What is being asked:
From the line with "Size Medium |" to the line with "DMN3005LK3-13 datasheet pdf Diodes", retype each line exactly as it stands in the records below, but skip the pictures.
= Beginning of Section =
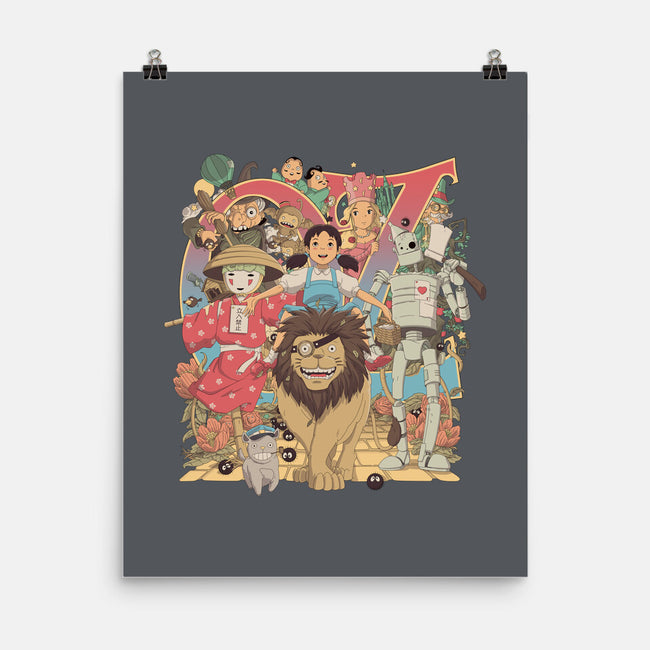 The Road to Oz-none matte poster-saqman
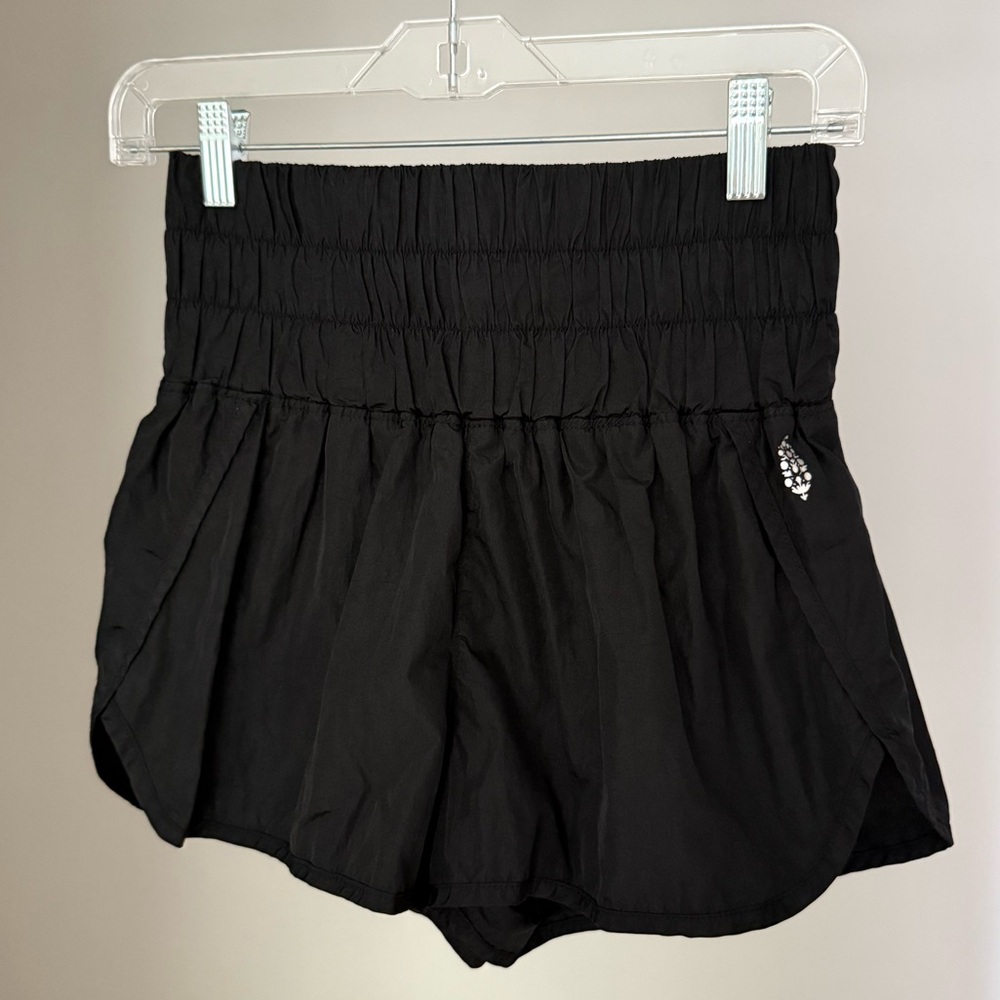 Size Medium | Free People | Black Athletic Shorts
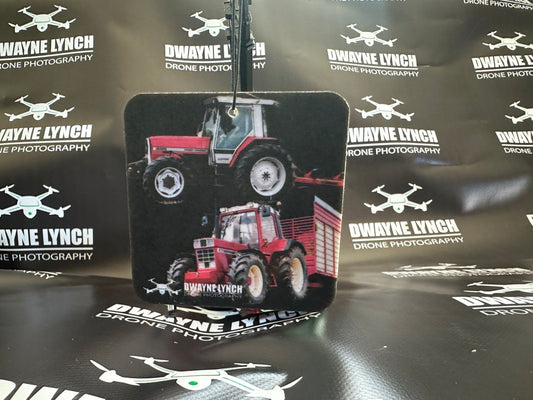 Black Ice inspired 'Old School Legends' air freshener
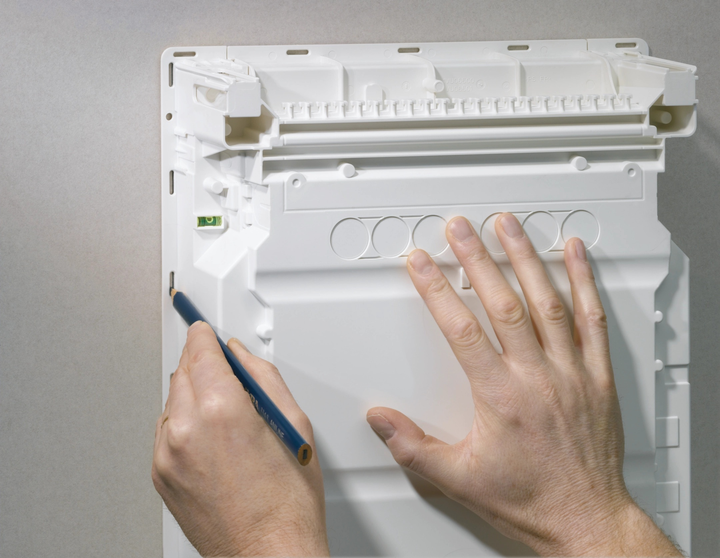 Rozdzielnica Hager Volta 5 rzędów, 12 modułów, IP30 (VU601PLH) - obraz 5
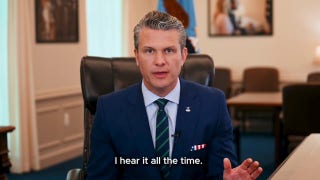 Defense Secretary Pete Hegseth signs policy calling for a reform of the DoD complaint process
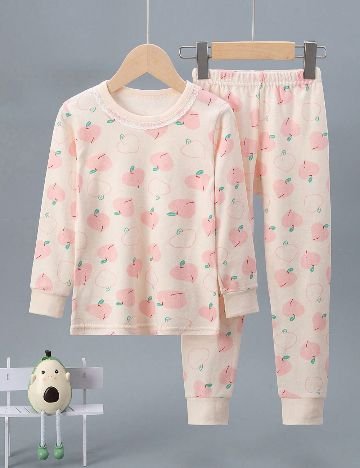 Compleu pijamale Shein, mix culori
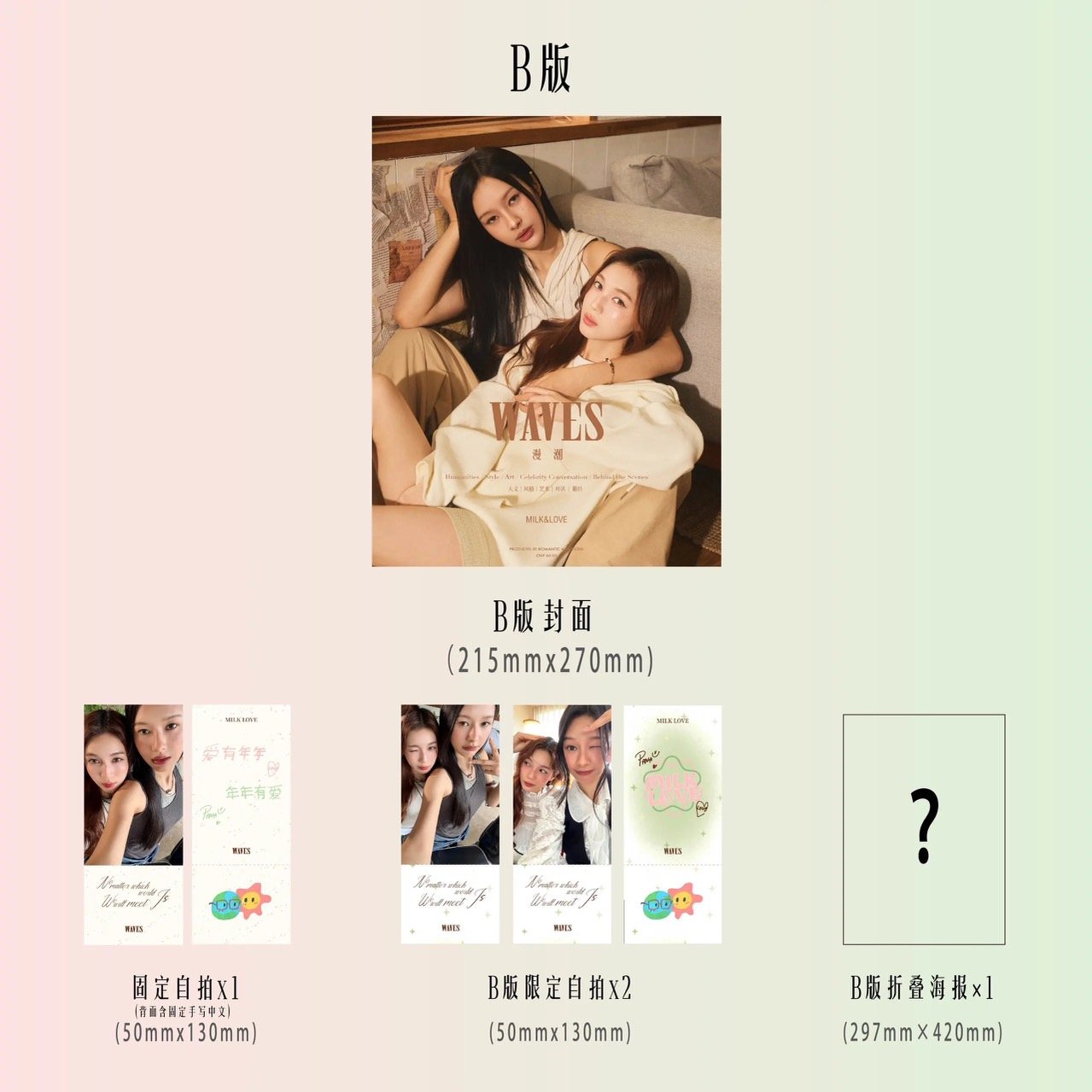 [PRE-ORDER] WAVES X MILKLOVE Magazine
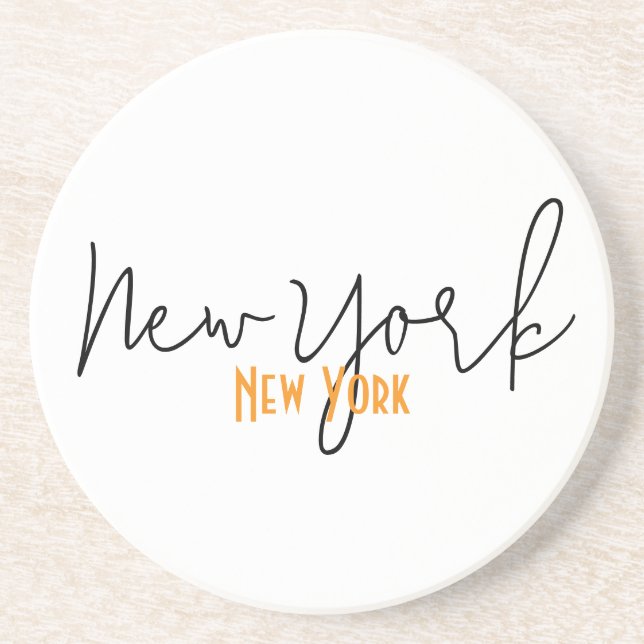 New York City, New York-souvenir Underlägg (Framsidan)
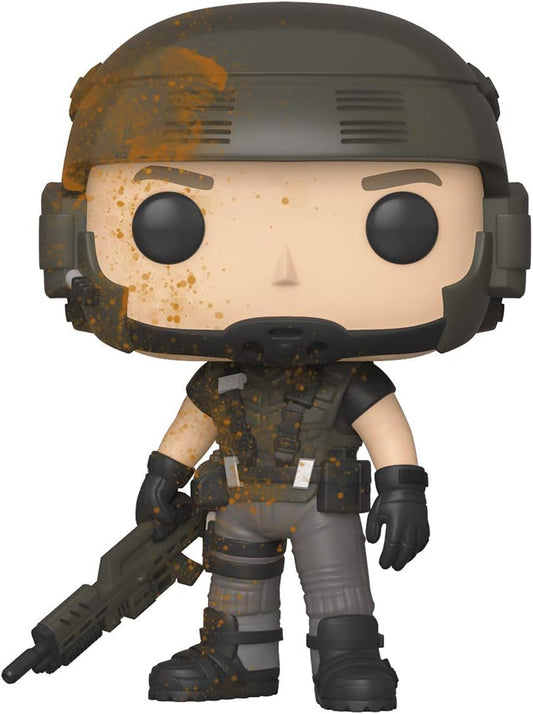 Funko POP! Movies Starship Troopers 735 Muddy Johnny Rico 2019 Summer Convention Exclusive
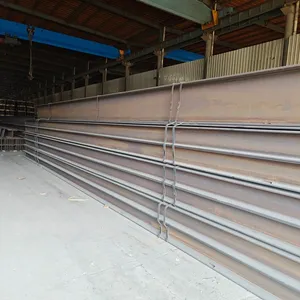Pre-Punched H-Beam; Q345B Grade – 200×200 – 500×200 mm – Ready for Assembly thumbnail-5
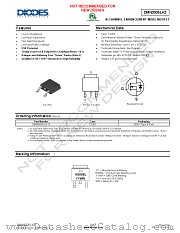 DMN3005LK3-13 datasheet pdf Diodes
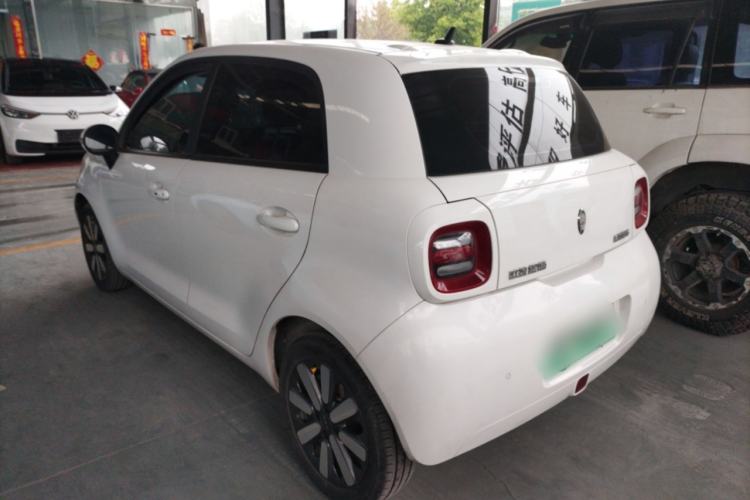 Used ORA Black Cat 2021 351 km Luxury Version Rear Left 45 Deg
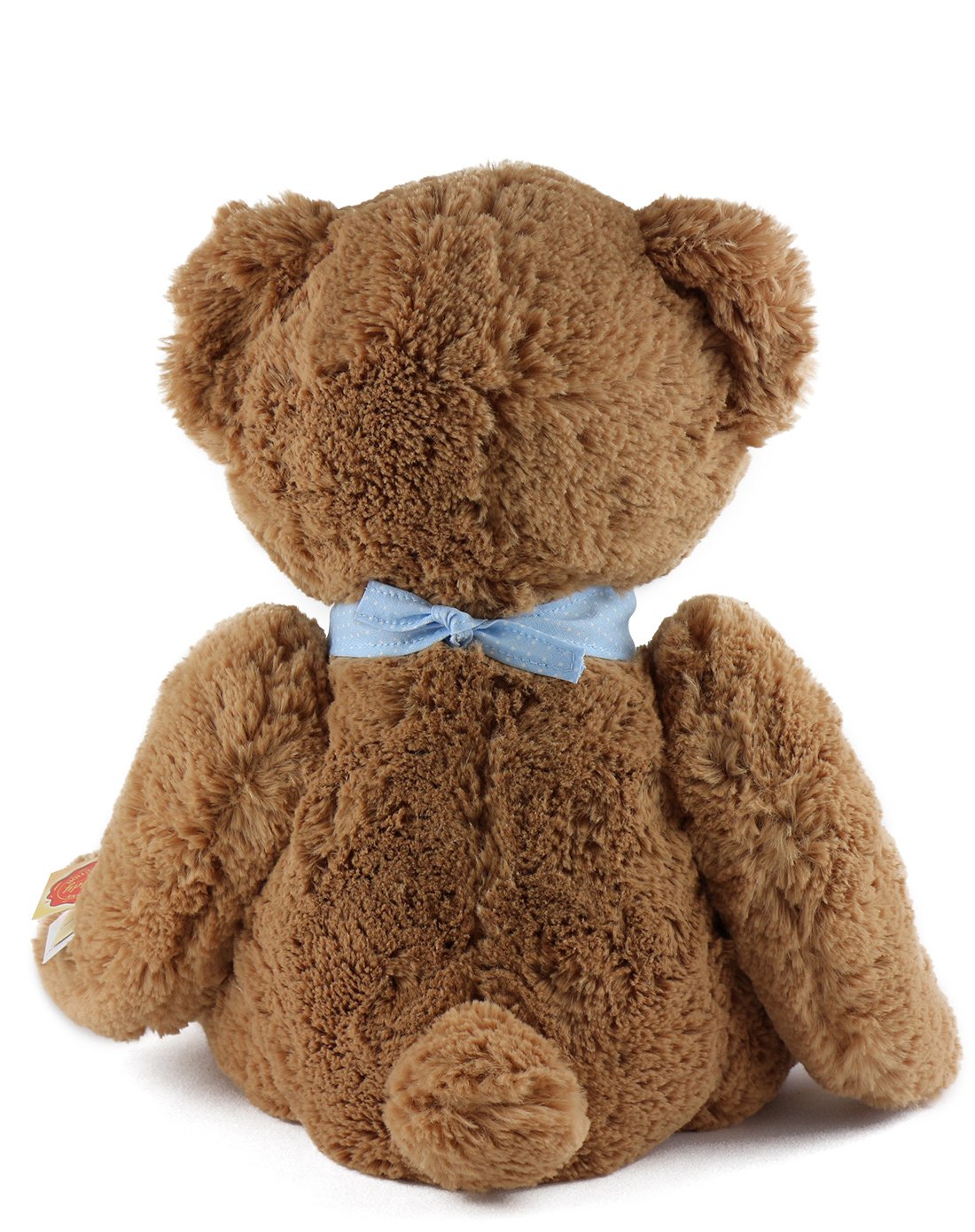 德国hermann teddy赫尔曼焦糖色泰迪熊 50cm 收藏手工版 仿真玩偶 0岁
= End of Section =
Your response:
 Size Medium | Free People | Black Athletic Shorts
 Black Ice inspired 'Old School Legends' air freshener
 Rozdzielnica Hager Volta 5 rzędów, 12 modułów, IP30 (VU601PLH) - obraz 5
 Defense Secretary Pete Hegseth signs policy calling for a reform of the DoD complaint process
 Compleu pijamale Shein, mix culori
 [PRE-ORDER] WAVES X MILKLOVE Magazine
 New York City, New York-souvenir Underlägg (Framsidan)
 Funko POP! Movies Starship Troopers 735 Muddy Johnny Rico 2019 Summer Convention Exclusive
Pre-Punched H-Beam; Q345B Grade – 200×200 – 500×200 mm – Ready for Assembly thumbnail-5
 DMN3005LK3-13 datasheet pdf Diodes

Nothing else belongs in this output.